Module 1: What is Puppet and why use it?
1. The problem: the era of “artisan server crafting”
In the traditional model of systems administration, every server, database, and network configuration was created and managed by hand. This manual approach, often called “artisan server crafting,” is complicated, tedious, and time-consuming. As an infrastructure grows, several critical issues emerge:
- Configuration drift: Servers that start identical inevitably become slightly different over time as manual tweaks are applied. This leads to “snowflake servers” or special systems that cannot be easily replicated or repaired because their unique configuration isn’t documented.
- Human error: Humans are not naturally good at accurately repeating complex tasks across hundreds of machines. Typos and missed steps are common, leading to outages and security vulnerabilities.
- Scalability limitations: While one sysadmin can manage a handful of servers by hand, the artisan approach becomes unmanageable once an infrastructure reaches 10 or more servers.
- Documentation gaps: Documentation is rarely updated in real-time. The only truly accurate documentation is the server itself, but if that server fails, the knowledge of its setup may be lost.
2. Introduction to configuration management
Configuration Management (CM) is the solution to these challenges. It replaces endless manual commands with simple lines of code. Instead of giving instructions on how to do something (procedural), you define the desired state of the system (declarative).
The goal of CM is to automate the software delivery process, ensuring that systems are consistently configured and up to date. This allows IT staff to spend less time on routine drudgery and more time on high-value improvements.
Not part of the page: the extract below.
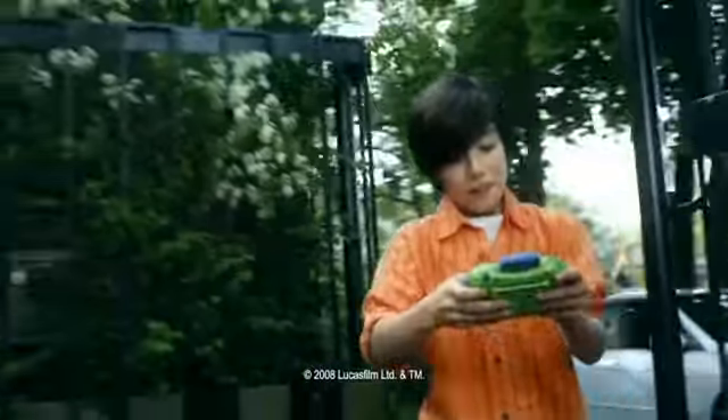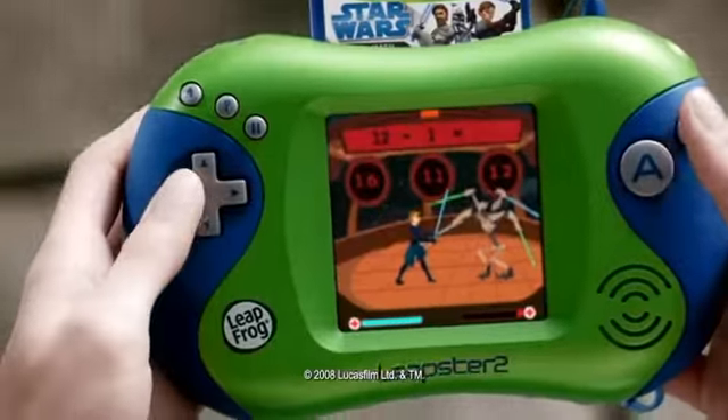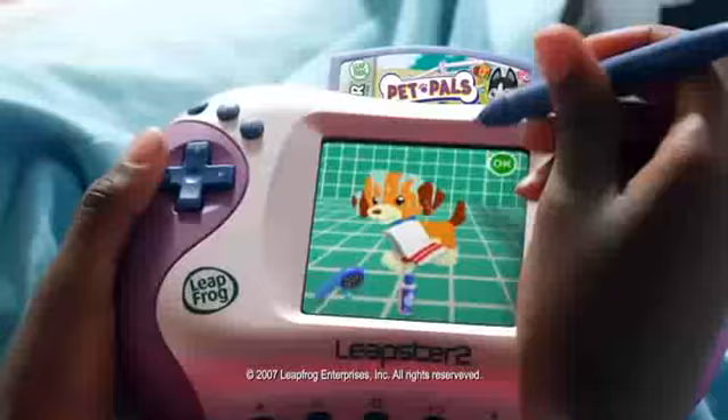How do you like to play? Like a Jedi Knight? Or with your puppy? All dry! On the handheld? Or online?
3. Puppet in the IaC landscape
Puppet fits into the broader Infrastructure as Code (IaC) landscape as a tool for managing the lifecycle of a server. IaC treats infrastructure with the same rigor as software development, utilizing version control, automated testing, and continuous integration.
Puppet models the system as a collection of Resources. A resource is an atomic unit of configuration, such as a file, a user account, or a software package. For a resource to be effectively managed by Puppet, it must be:
- Unique: Distinguished from all other resources (e.g., a specific file path).
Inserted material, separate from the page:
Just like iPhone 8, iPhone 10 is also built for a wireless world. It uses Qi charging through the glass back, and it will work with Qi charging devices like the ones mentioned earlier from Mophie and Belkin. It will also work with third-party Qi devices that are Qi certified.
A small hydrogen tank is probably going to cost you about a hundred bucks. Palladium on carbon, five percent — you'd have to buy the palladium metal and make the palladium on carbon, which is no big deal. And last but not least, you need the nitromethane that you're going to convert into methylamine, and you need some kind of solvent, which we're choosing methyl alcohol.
- Searchable: Puppet must be able to determine its current state on the server.
- Atomic: It cannot be broken down into smaller, managed components.
- Creatable and destroyable: Puppet must have the logic to both bring the resource into existence and remove it.
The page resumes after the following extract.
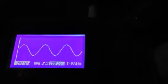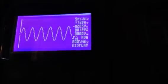The waveform, you can see, is here. It's on auto. It's just a sine wave. Let me reconnect this real quick.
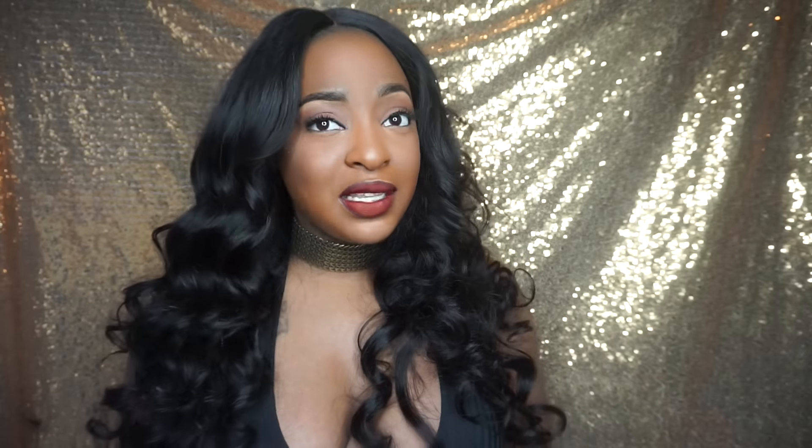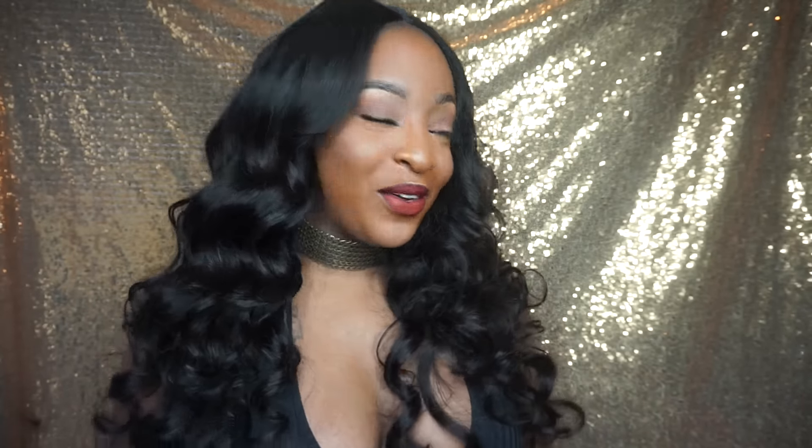If you guys have any questions or concerns, feel free to leave a comment in the comment section. Follow me on Instagram — I post a lot to Instagram, I'm on there every single day, and I respond to everybody's DMs. I think I respond more on Instagram than on here because I don't always get notified when you guys ask me something on here. You can also email me — I check my email every single day. I will keep you guys updated on this hair because I'm pretty sure I'm going to have it for a really long time. Have a happy and safe New Year. Bye!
4. Puppet architecture: agent/server vs. masterless
Puppet primarily operates using an Agent/Server (Master) architecture, though it supports alternative models.
- The pull model (Standard): A central Puppet Master stores the authoritative configurations (manifests). The Puppet Agent software is installed on every managed node. Periodically (often every 30 minutes), the agent checks into the master, pulls down its specific configuration “catalog,” and applies it locally.
- Scaling the master: For large environments (thousands of nodes), the workload of compiling catalogs can bog down the master. To scale, Puppet masters are often run under Passenger (via Apache or Nginx) to handle increased HTTP SSL transactions.
- Masterless configuration: In this model, the Puppet code is pushed directly to the nodes (often via Git), and the
puppet applycommand is run locally. This eliminates the single point of failure of a central master and is suitable for certain distributed environments.
5. Comparing the big three: Puppet, Ansible, and Chef
While all three are titans of the configuration management world, they differ in philosophy and execution:
| Feature | Puppet | Ansible | Chef |
|---|---|---|---|
| Language Style | Declarative: You define the end state. | Imperative: You define the steps and order. | Imperative/Procedural: Step-by-step Ruby code. |
| Architecture | Agent-based: Requires agent software on nodes. | Agentless: Uses SSH to run commands. | Agent-based: Requires Chef client on nodes. |
| Centralization | Typically requires a Master server. | Masterless: Runs from a laptop or CI server. | Typically requires a Chef Server. |
| Philosophy | Eventual Consistency: Re-runs ensure stability. | Direct Orchestration: Great for multi-tier tasks. | Infrastructure as Code: High flexibility via Ruby. |
Ansible is often preferred for rapid orchestration because it does not require bootstrapping an agent on every server. However, Puppet and Chef are often considered more robust for Continuous Configuration Synchronization, where the tool runs unattended to automatically revert manual changes and prevent drift.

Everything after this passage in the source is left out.